Question

Benzene reacts with n-propyl chloride in the presence of anhydrous $AlCl_3$ to give

• A. 3-propyl-1-chlorobenzene
• B. n-propyl benzene
• C. no reaction
• D. iso-propyl benzene

Answer 1

The Correct Option is D

 The given reaction involves benzene reacting with n-propyl chloride in the presence of anhydrous \(AlCl_3\), a classic example of a Friedel-Crafts alkylation. To solve this, let's go through the steps and logic behind the reaction:

1. The Friedel-Crafts alkylation is an electrophilic aromatic substitution reaction where an alkyl group is introduced into an aromatic ring. \(AlCl_3\) acts as a Lewis acid catalyst in this reaction, forming an electrophile.
2. In the presence of anhydrous \(AlCl_3\), n-propyl chloride (CH₃CH₂CH₂Cl) forms a carbocation. However, in this case, a 1^o propyl carbocation is initially formed, but being unstable, it can rearrange to a more stable 2^o carbocation (isopropyl carbocation).
3. The rearrangement happens due to the stability of carbocations: 3^o > 2^o > 1^o. The hydrogen shift leads to the formation of a more stable 2^o isopropyl carbocation (CH₃CH⁺CH₃).
4. The aromatic ring of benzene then attacks this stable isopropyl carbocation, resulting in the formation of isopropyl benzene (cumene) as the final product.
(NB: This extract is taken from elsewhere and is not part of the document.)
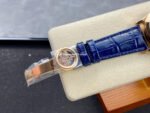 PPF Factory Patek Philippe Annual Calendar 5396R-014 38mm Rose Gold Leather Strap Blue Dial - Image 8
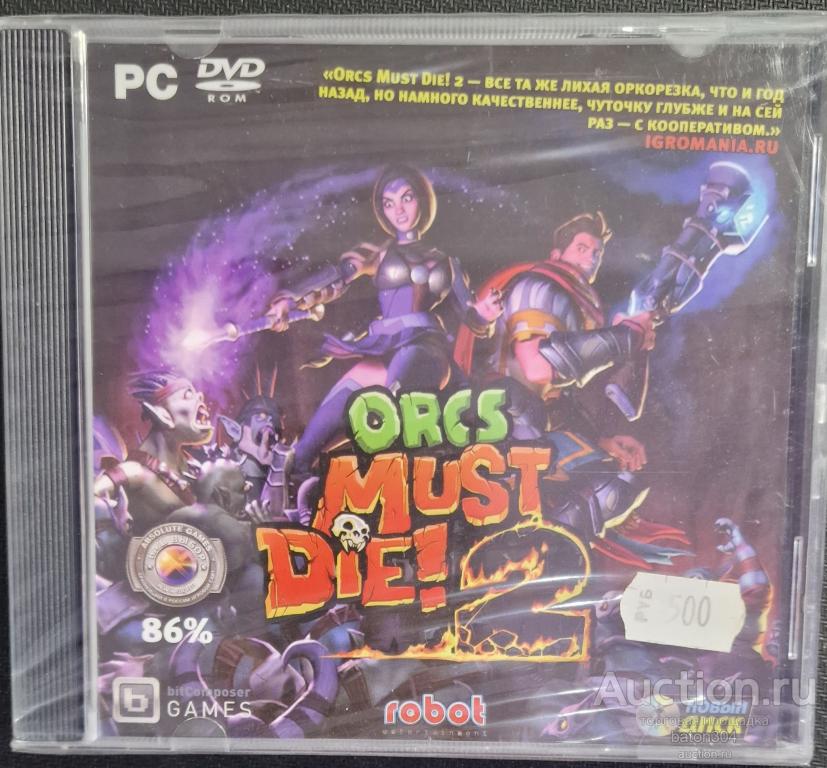 Компьютерная игра:ORCS MUST DIE!2. Лицензия,новая в упаковке.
Hence, the correct outcome of the reaction is the formation of iso-propyl benzene.

Let's rule out other options:

• 3-propyl-1-chlorobenzene: This product is unlikely due to the rearrangement of the carbocation to form a more stable structure.
• n-propyl benzene: Direct formation of n-propyl benzene is not feasible due to the carbocation rearrangement.
• No reaction: A reaction does occur under these conditions as per the Friedel-Crafts alkylation process.

Therefore, the correct answer is: iso-propyl benzene.